LAWS(KER)-2005-9-42

DENTIFRICES Vs. DEPUTY COMMISSIONER OF CENTRAL EXCISE

Decided On September 08, 2005
DENTIFRICES Appellant
V/S
DEPUTY COMMISSIONER OF CENTRAL EXCISE Respondents

JUDGEMENT

(1.) CUSTOMS, Excise and Service Tax Appellate Tribunal, in short CEGAT, Southern Bench at Bangalore has referred three questions of law as directed by this court in C. E. Ref. No2 of 2003, which we have consolidated and redrafted as follows:

(2.) THE applicant, M/s Dentrifices, is the manufacturer of tooth paste and tooth powder. They had cleared certain quantity of their product under the brand name "effermint" by availing the benefits of notification No. 175/86. On the tube and outer packing of the tooth paste, they have inscribed the words "marketed by M/s Tomco, Bombay", Inspector of Central Excise directed the applicant to debit a sum of Rs. 8,89,099/- towards differential duty since applicant has used the above words in their products which constituted use of brand name of another manufacturer who is not eligible for the benefit of exemption under the notification. Direction was duly complied with by the applicant by debiting the said amount in their RG 23a Pt. II account towards the differential duty and intimated the said fact to the Department by their letter dated 12. 07. 1991. In the said letter applicant has stated as follows: "the adjustment is made without prejudice to our representing the matter to the higher authorities. Subsequently, they filed a refund claim on 02. 06. 1992 for the above amount. The Assistant Collector rejected the refund claim of the appellant on the ground that the refund claim was filed after the statutory time limit for filing refund claim under Section 11-B of the Central Excise and Salt Act, 1944," Applicant aggrieved by the order of the Assistant Collector filed appeal before the Collector of Central Excise. Appeal was rejected stating that the letter does not indicate that the applicant was paying the duty under protest and since they had not complied with the requirement of Rule 233b the refund claim was barred by time. Applicant took up the matter before the CEGAT and the Tribunal also confirmed the finding of the lower authorities and dismissed the appeal.

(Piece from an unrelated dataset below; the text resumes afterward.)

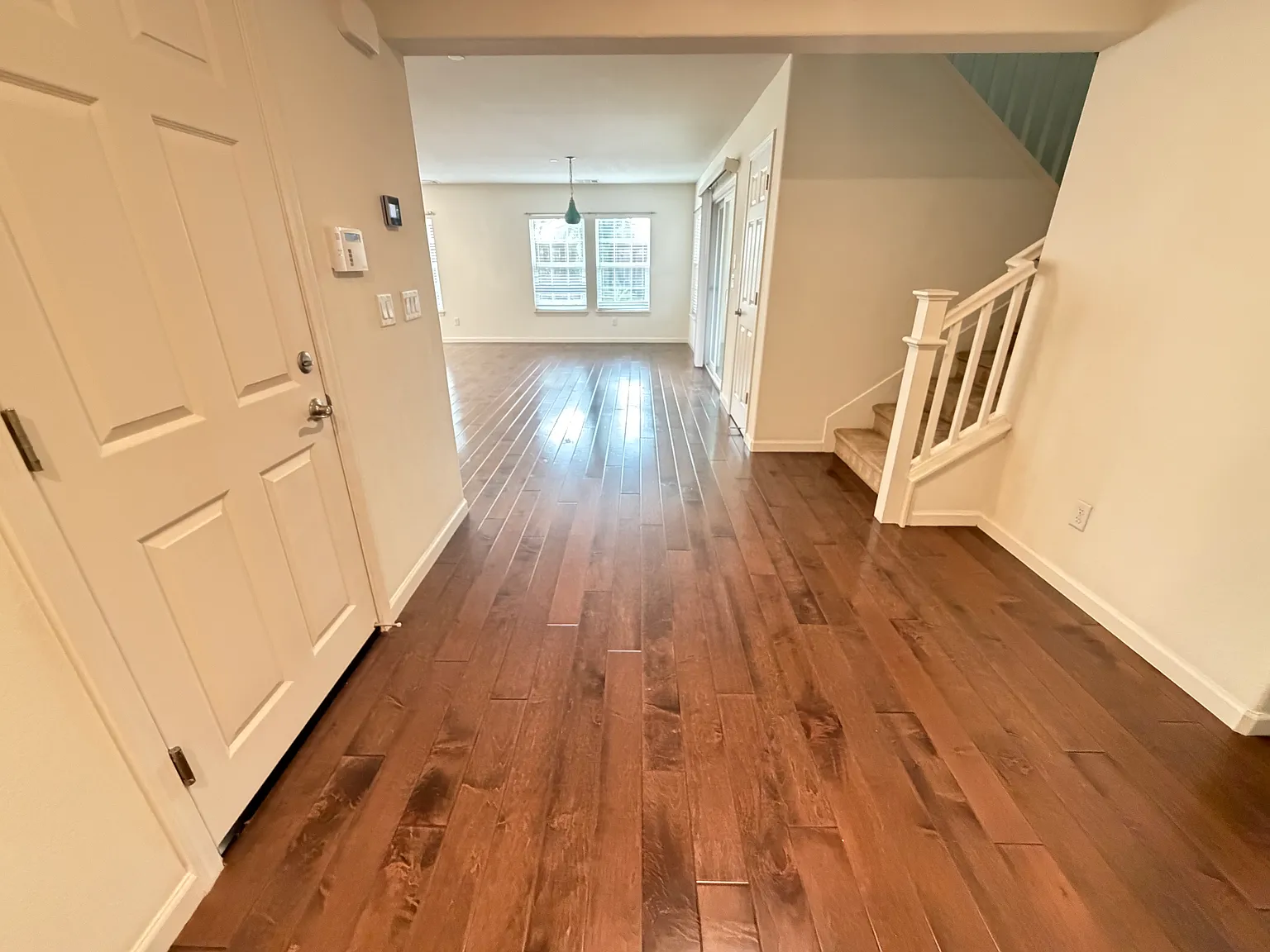 4 bed, 2330 sqft, $3,290 — Photo 3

(3.) SRI E. R. Venkateswaran, counsel appearing for the applicant submitted that there is a complete misreading of the letter dated 12. 07. 1991. Counsel submitted that a reading of the above letter would show that applicant had protested and such a protest would fall within the four corners of Rule 233b of the Central Excise Rules, Counsel referred to the several decisions of the apex court, viz. , Maf M/s Samrat Internation (P) Ltd v. Collector of Central Excise (1992 Supp. (1) S. C. C 293) Mafatlal Industries Ltd v. Union of India (1997 (5) S. C. C 536), Coastal Gases and chemicals Pvt. Ltd v. Assistant Collector of Central Excise (1997 (7) S. C. C. 223), MRF Ltd v. Collector of Central Excise (2004 (2) S. C. C. 417), The India Cements Ltd v. The Collector of Central Excise (AIR 1989 S. C. 1496) and Indian Piston Ltd v. Collector of Central Excise (AIR 1990 S. C. 977 ).